The Irish Federation of University Teachers (of which the plaintiff is a member) responded to this letter and wrote to Mr. Ray McGee, Deputy Chairman of the Labour Court on 4th December 2008. The Labour Court responded by letter of 5th December, 2008, to the IFUT General Secretary and Mr. Baker, stating as follows:-
        “The Court would wish to remind the parties that, on the day [of the hearing], the Court, in granting the adjournment, expressed a hope that such adjournment would be a short one of only a couple of weeks, but that on receipt of IFUT’s legal submission, which were to be copied to the NUI Maynooth, a new date would be set.
        In the interim, the Court remarked to the parties that it would prefer that there be no change in the status quo regarding the claimant. The College’s response as recorded was that it was willing to continue the arrangements, including payment.
        Obviously, the Court’s only direct role in this matter is under the specific provisions of the Protection of Employees (Fixed-Term Work) Act, 2003.
        The Court would prefer that this be the only matter at issue on resumption of the case and is simply reminding the parties what occurred on the 16th October last.”
The resumed hearing before the Labour Court occurred on 16th December, 2008. By letter of 18th December from the defendant’s solicitors, the plaintiff’s representative was informed that the University would cease to pay the plaintiff with effect from 12th January, 2009. The letter stated:-
        “We are aware that, while an undertaking was mentioned at the Labour Court hearing, there was no undertaking given at the Labour Court.
        As you know, the University has continued to make certain payments to Dr. Buckley since the expiry of her fixed-term contract on 30th September, 2008. This was an ex gratia payment on the part of the University as a gesture of goodwill and in ease of Dr. Buckley until the hearing of the Appeal.
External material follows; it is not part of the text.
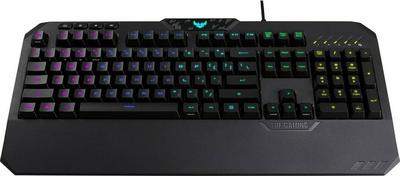 Asus TUF Gaming K5 Tastatur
        Please note that, as the hearing of the Appeal has now taken place, the University will cease to pay your client with effect from 12th January, 2009. The University also requires your client to vacate her office on Monday, 5th January, 2009, due to accommodation needs.
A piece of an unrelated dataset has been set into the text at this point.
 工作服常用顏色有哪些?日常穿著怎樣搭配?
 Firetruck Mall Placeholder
        The University’s position is that Dr. Buckley has no entitlement to ongoing pay in circumstances where the decision of the Rights Commissioner is under appeal and as Dr. Buckley has had no contract since 30th September. 2008. Furthermore, in the context of any remedy sought by your client, damages would be an adequate remedy.”
On 22nd January, 2009, the plaintiff attended at her office in the University. She left the office at lunchtime. When she returned the door locks on her office had been changed and she was unable to obtain access to the office.

2. Issues to be tried
The plaintiff alleges that as a result of the actions of the University she has been gravely injured in her reputation as an academic and that she has been greatly embarrassed and humiliated. She alleges that she is still an employee of the University and the actions of the University in taking her off the payroll and in locking her out of her office have been arbitrary, illegal and in breach of fair procedures.
The plaintiff is seeking an interlocutory injunction restraining the defendants from terminating the plaintiff’s contract of employment; restraining the defendant from interfering with or reducing the remuneration of the plaintiff and directing payment to the plaintiff of the aforesaid remuneration; restraining the defendant from breaching the plaintiff’s terms and conditions of employment; and an injunction restraining the defendant from interfering with the discharge by the plaintiff of her role and function as Senior Research Fellow with the defendant. The plaintiff argues that the actions of the University in discontinuing her salary and removing her from office were a unilateral decision which is prejudicial to the plaintiff’s rights and which seeks to pre-empt the Labour Court’s determination.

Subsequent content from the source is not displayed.